Mon petit Loul Adoré,

J’ai reçu ce matin ta mignonne lettre du 13. Rassure-toi, petit Loul, nous n’avons pas eu de visite des sales boches depuis que tu es parti. Cela viendra peut-être, mais pour le moment, nous sommes assez tranquille.

J’ai pu dormir tout mon comptant cette nuit, aussi ce matin cela va très bien.

Hier, j’ai passé une assez bonne après-midi au cinéma. C’était un peu triste, et ça parlait trop de la guerre.

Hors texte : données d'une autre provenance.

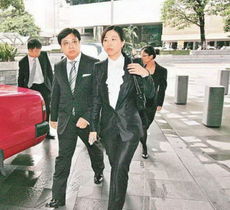 謝霆鋒被曝清點資產盼盡快離婚 召律師密談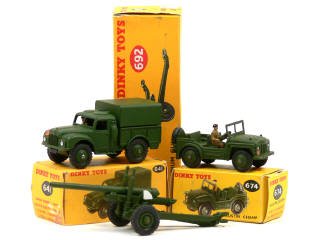 Lot 336 - DINKY TOYS (GB) (3)
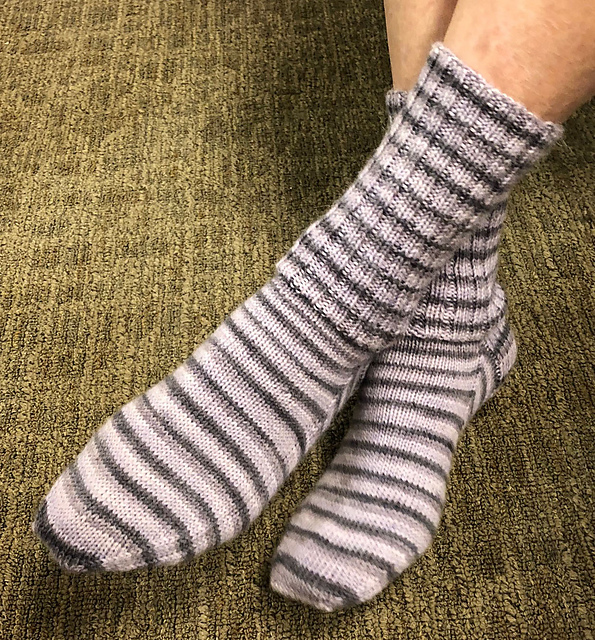 F851 Heel Flap Socks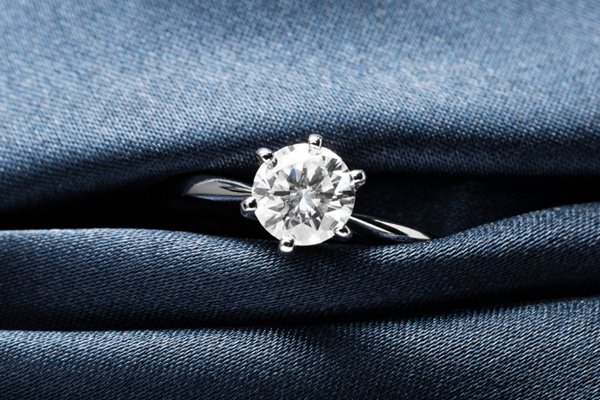 Find Perfect Engagement Ring Diamond Rocks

Aujourd’hui, j’ai rendez-vous avec Marie-Louise derrière l’Opéra. J’espère qu’elle ne va pas me faire faire le poireau comme la dernière fois. Elle doit avoir certainement beaucoup de choses à me raconter. Je n’ai pas dit à mon père que je sortais tantôt. Maintenant, il ne vit plus lorsque je suis dehors. Hier soir, il m’a dit qu’à présent, on descendrait à la cave lorsqu’il y aurait une alerte. Cela ne me plait pas du tout. Pour plusieurs raisons. La première est

15-03-18

Mon petit chéri. Quelle émotion je viens d’avoir, j’ai bien cru que ma dernière heure était venue. Figure-toi que juste comme j’étais en train de t’écrire, une grande explosion est venue m’arrêter nette. J’étais avec la femme de ménage. Nous avons cru aussitôt que c’était les gothas. Nous avons été environnées d’un gros nuage et une forte odeur de poudre est venue nous saisir à la gorge. Nous nous sommes précipitées dans l’escalier et là, encore plus de fumée et une nouvelle détonation suivie d’une autre.

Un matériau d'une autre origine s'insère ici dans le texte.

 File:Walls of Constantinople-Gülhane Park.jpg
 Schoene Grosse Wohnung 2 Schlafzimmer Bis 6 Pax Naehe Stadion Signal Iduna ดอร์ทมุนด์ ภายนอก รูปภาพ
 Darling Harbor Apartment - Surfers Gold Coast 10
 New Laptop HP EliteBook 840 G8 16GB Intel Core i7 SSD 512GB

Comme la femme de ménage se sauvait, je lui ai crié : “Restez, fermons les persiennes.” Nous avons fermé et nous étions couvertes de poussière. Ma lettre que j’avais commencé est toute sale, je te la joins pour que tu vois dans quel état où elle est.

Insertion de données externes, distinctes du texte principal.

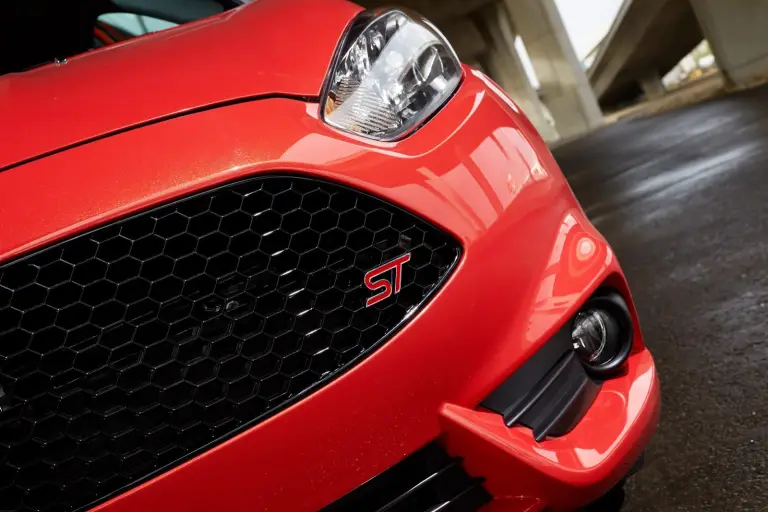 Ford Fiesta ST (2014) - 76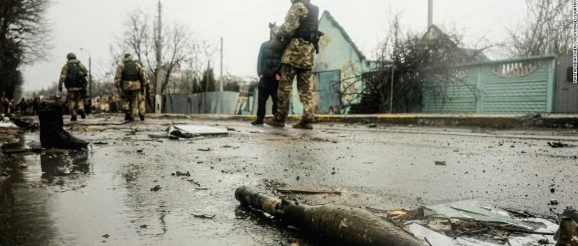 220406160632-restricted-ukrainian-soldiers-bucha-0403-super-tease.jpg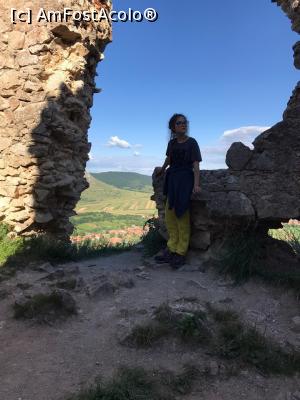 [P07] copil frumos la cetatea Trascaului » foto by lumit06
 - 
<span class="allrVoted glyphicon glyphicon-heart hidden" id="av1173255"></span>
<a class="m-l-10 hidden" id="sv1173255" onclick="voting_Foto_DelVot(,1173255,19767)" role="button">șterge vot <span class="glyphicon glyphicon-remove"></span></a>
<a id="v91173255" class=" c-red"  onclick="voting_Foto_SetVot(1173255)" role="button"><span class="glyphicon glyphicon-heart-empty"></span> <b>LIKE</b> = Votează poza</a> <img class="hidden"  id="f1173255W9" src="/imagini/loader.gif" border="0" /><span class="AjErrMes hidden" id="e1173255ErM"></span>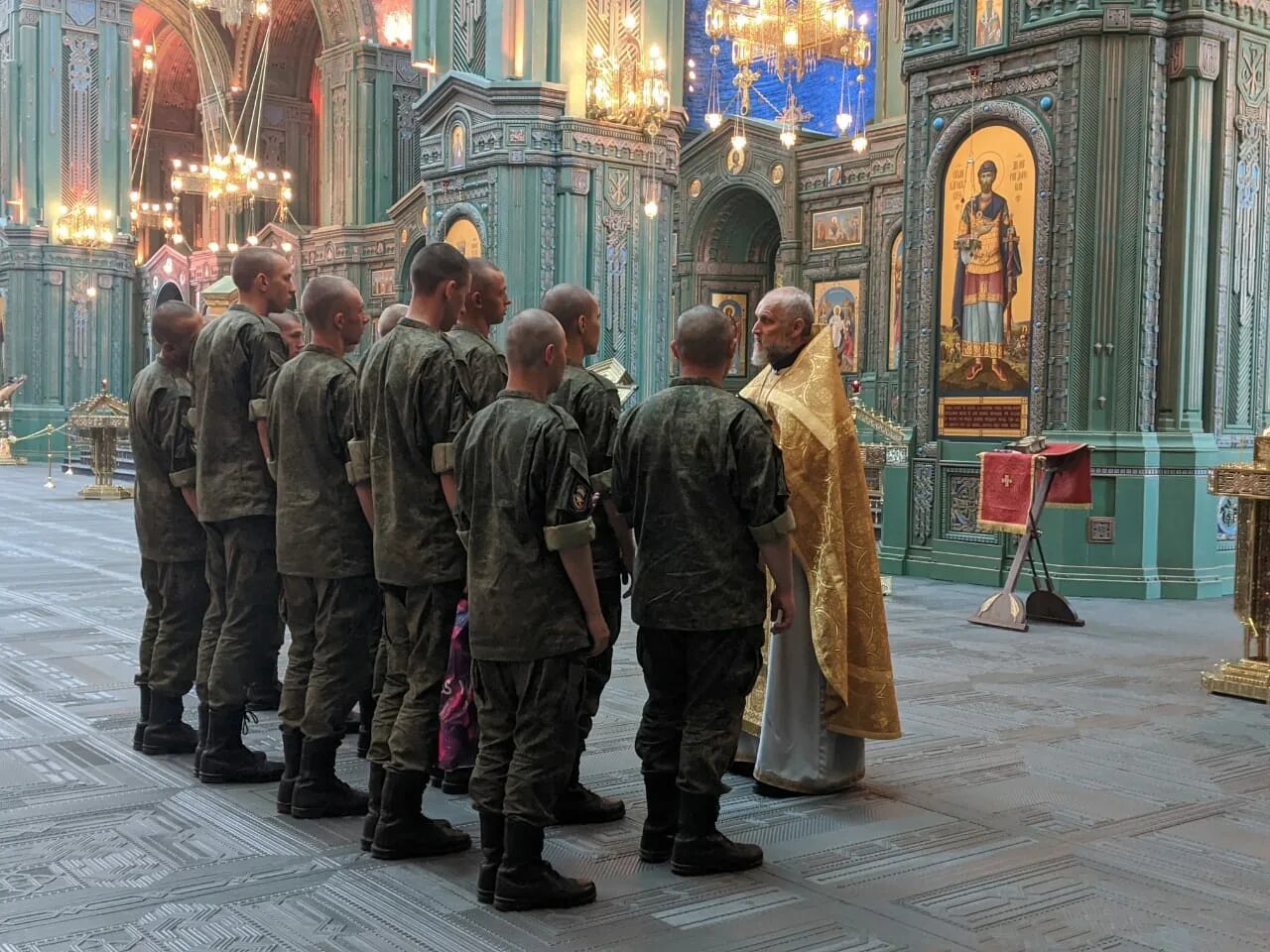 Есть ли служба в церкви. Служба епископа Савватия в главном храме Вооруженных сил. Литургия в главном храме Вооруженных сил России. Пасхальная служба в храме Вооруженных сил. Богослужение в храме.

Tous renseignements pris, c’est une usine de munitions du quartier qui vient de sauter.

courneuve

Je t’assure, petit Loul, que ça a été terrible comme détonations. C’était beaucoup plus fort que les bombes des gothas. Jamais je n’ai entendu pareille chose. Enfin, le principal pour nous est qu’il ne m’est rien arrivé. Tout le monde est aux fenêtres et regarde l’énorme torche de fumée qui monte vers le ciel.

morts de peur

Mon rendez-vous avec Marie-Louise est dans l’eau. Il est 15h30. Ma foi, tant pis, je reste là. Ça m’a tout de même un peu retourné et je n’ai pas envie de sortir. Je pense qu’elle le comprendra et qu’elle ne m’en tiendra pas rigueur. D’ailleurs, elle a dû entendre aussi ! Je vais aller téléphoner chez toi, pour savoir s’il n’est rien tombé par là.

Reçois mon petit Loul, les plus tendres baisers de ta gosse qui t’adore,

Mino

PS : Demain, je te donnerai plus de détails. Je suis un peu en retard pour le courrier et je ne voudrais pas que tu te fasses du mauvais sang inutilement si tu apprends ça sur les journaux.